The sixth aerial census of the 2010-11 whooping crane season was conducted March 1, 2011 in
a Cessna 210 piloted by Gary Ritchey of Air Transit Solutions, Castroville, Texas with USFWS
observers Tom Stehn and Brad Strobel. All portions of the crane range were covered in the 6-
hour census. Flight conditions were excellent, though late afternoon sun made it difficult to find
cranes when flying towards the sun.

Sighted on the flight were 216 adults and 41 juveniles = 257 total whooping cranes. The
expanded range of the cranes on upland areas and movements to fresh water made it harder to
find all the cranes. At least five additional family groups and pairs (14 cranes) and 7 subadults
were estimated to have been overlooked.

  Adults + Young
San Jose 48 + 8 = 56
Refuge 80 + 13 = 93
Lamar 17 + 5 = 22
Matagorda 51 + 10 = 61
Welder Flats 20 + 5 = 25
Total 216 + 41 = 257

Observations on today’s flight confirmed the loss of two additional whooping cranes so that
winter mortality in 2010-11 has totaled 4 cranes (3 adults and 1 juvenile). No carcasses have
been found, and cause of the deaths is unknown. On today’s flight, one group of 1 adult with 1
chick was observed on the G1 prescribed burn on Matagorda Island with no other cranes around.
Also, for the third flight in a row, the East Spalding Lake juvenile was not found, with just the
adult pair seen on the territory. With this mortality, the current flock size is estimated at 279.
The peak size of the Aransas flock this winter was 283.

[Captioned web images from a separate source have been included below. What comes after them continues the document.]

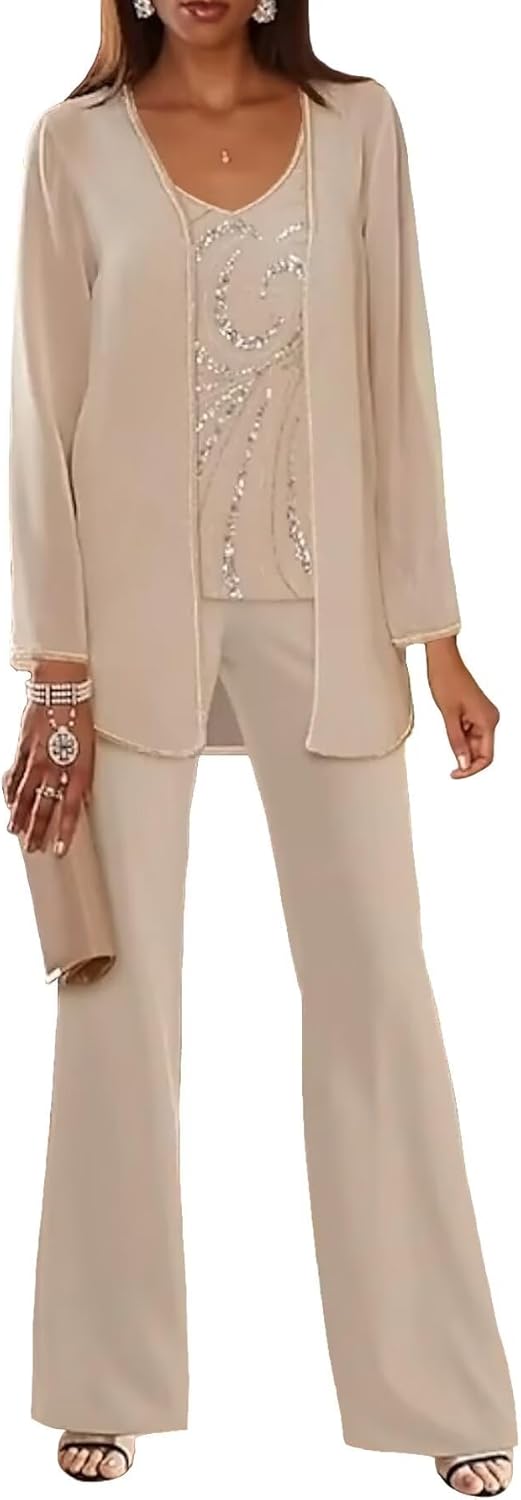 3 Pieces Pant Suits for Women Dressy - Lace Chiffon Long Sleeve Mother of The Groom Pants Suits for Wedding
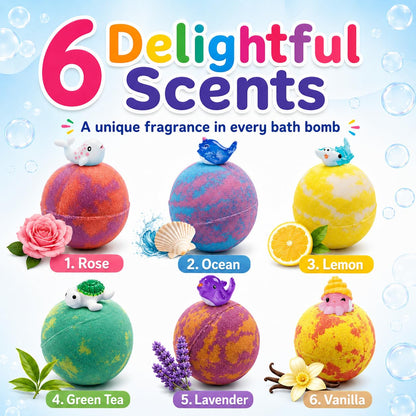 Bath Bombs with Toys Inside, 12 Pack Kids Bath Bombs with Surprise Inside, Play Fizz Bubble Bath Ball, Natural Organic Non Toxic Bath Bomb Gift Set for Boys Girls Toddler (Sea Animal)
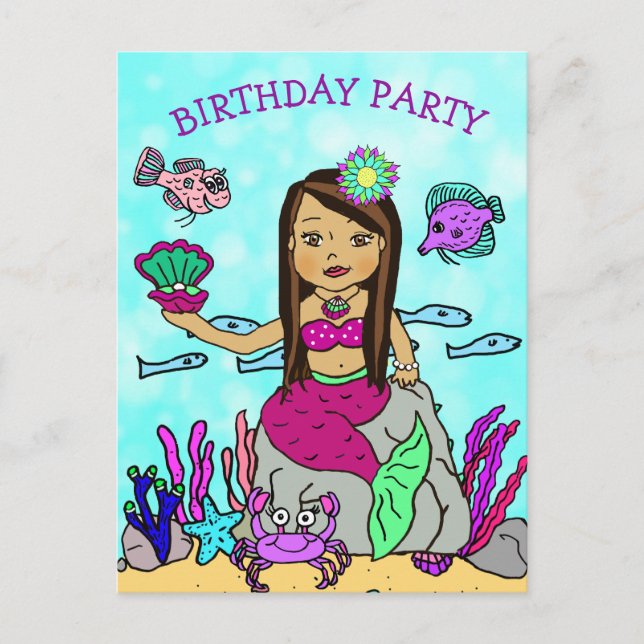 Invitaciones de cumpleaños de sirena bonita (Anverso)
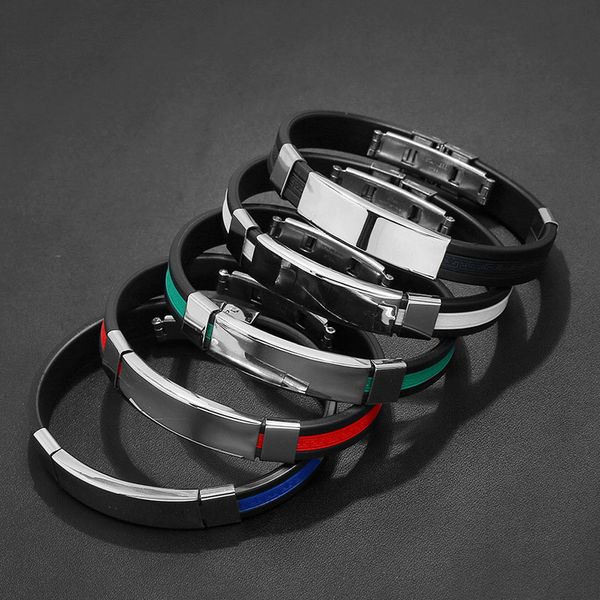 new simple handmade men punk stainless steel silicon charm bracelets bangle jewelry christmas birthday gift ing, Golden;silver
new simple handmade men punk stainless steel silicon charm bracelets bangle jewelry christmas birthday gift ing, Golden;silver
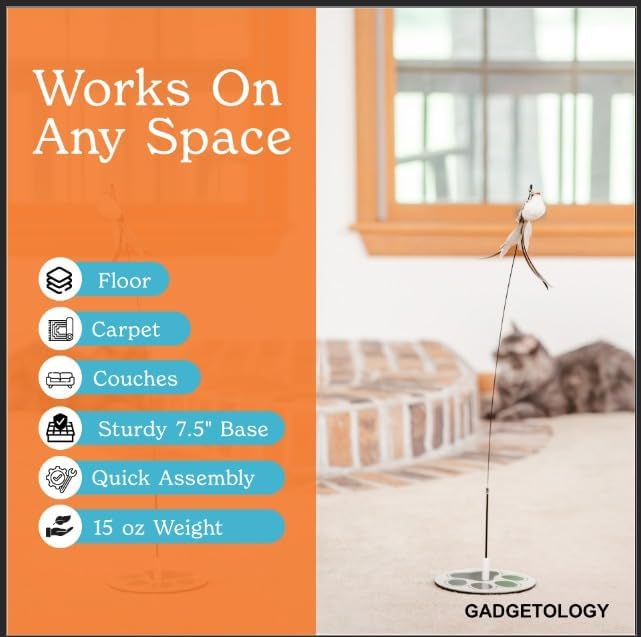 Interactive Bird Simulation Cat Toy Set for Bored Indoor Adult Cats Feather Toy Wand 5 Pcs Natural Bird Feathers Stable Round Base Wand Cat Toys for Indoor Cats Hunting Toys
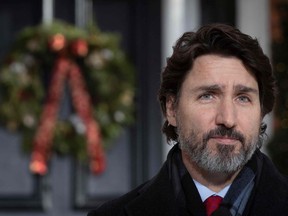 Canadian Prime Minister Justin Trudeau speaks during a Covid-19 briefing at the Rideau Cottage in Ottawa, Ontario, on December 18, 2020.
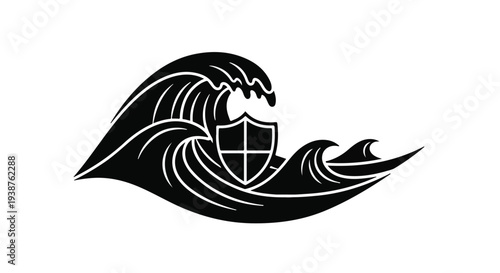 Black shield wave protection symbol illustration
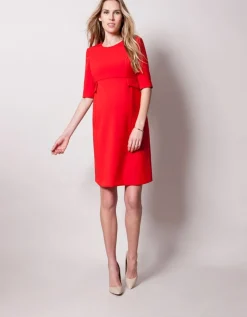Hot Seraphine Francesca | Scarlet Peplum Maternity Dress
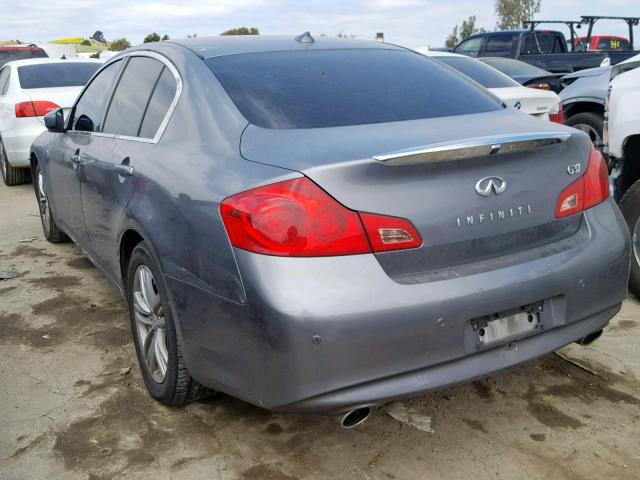 JN1CV6APXDM724325 - 2013 INFINITI G37 BASE CHARCOAL photo 3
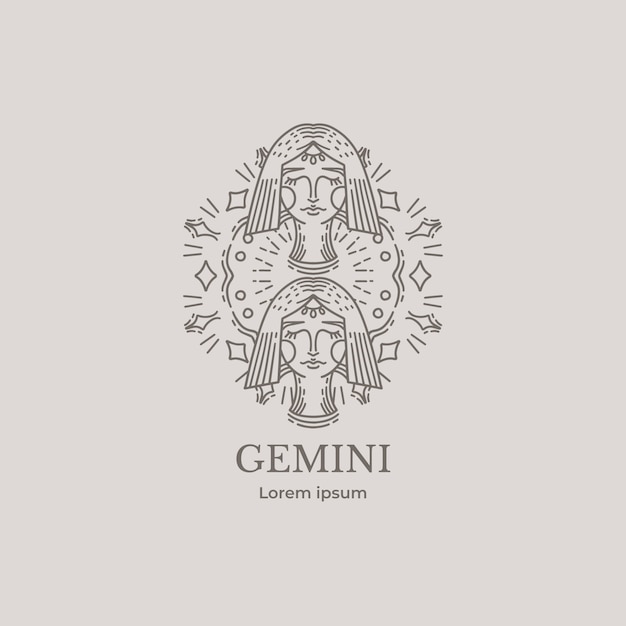 Handgezeichnetes flaches design-gemini-logo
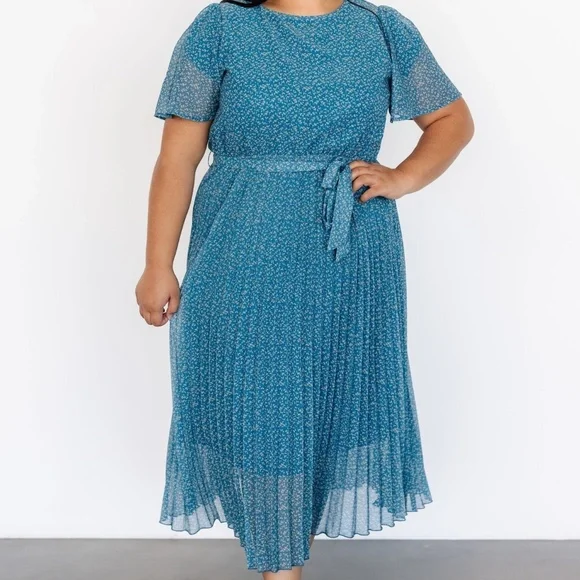 Baltic Born Prim Pleated Dress | Persian Blue Print Size MM - Picture 2 of 5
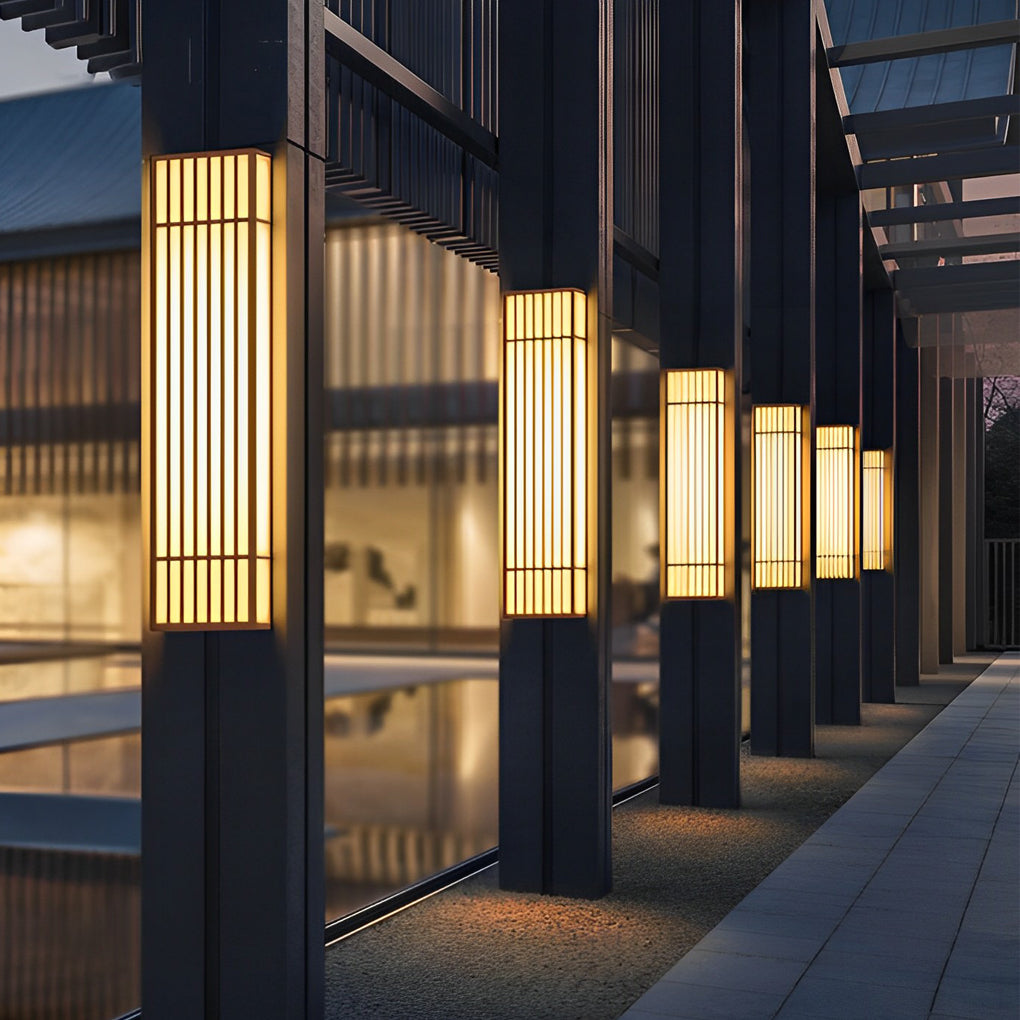 Rectangle LED Outdoor Wall Light Retro Grid Waterproof Light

On March 1st, one whooping crane was confirmed present in a flock of > 10,000 sandhills cranes
near Pampa, (north of Abilene) in the Texas Panhandle. It’s likely that what might have been
the same crane seen in January and February in Texas near Electra and Anson never wintered
at Aransas, but instead elected to remain with sandhill cranes in north Texas and has started its
migration north with sandhills.

Crane habitat use observed on the census flight (n=257):
160 of the cranes observed were in salt marsh habitat
40 were in shallow open bay habitat
21 were on prescribed burns
20 were at fresh water sources
9 were on uplands areas
7 were at game feeders

The continuing moderate use of prescribed burns and heavy use of open bay habitat is notable,
although cranes are finding low numbers of blue crabs in the marsh. Low tides are continuing
with over 70% of San Jose Island consisting of dry mudflats. Cranes are continuing to seek out
freshwater to drink because of high marsh salinities.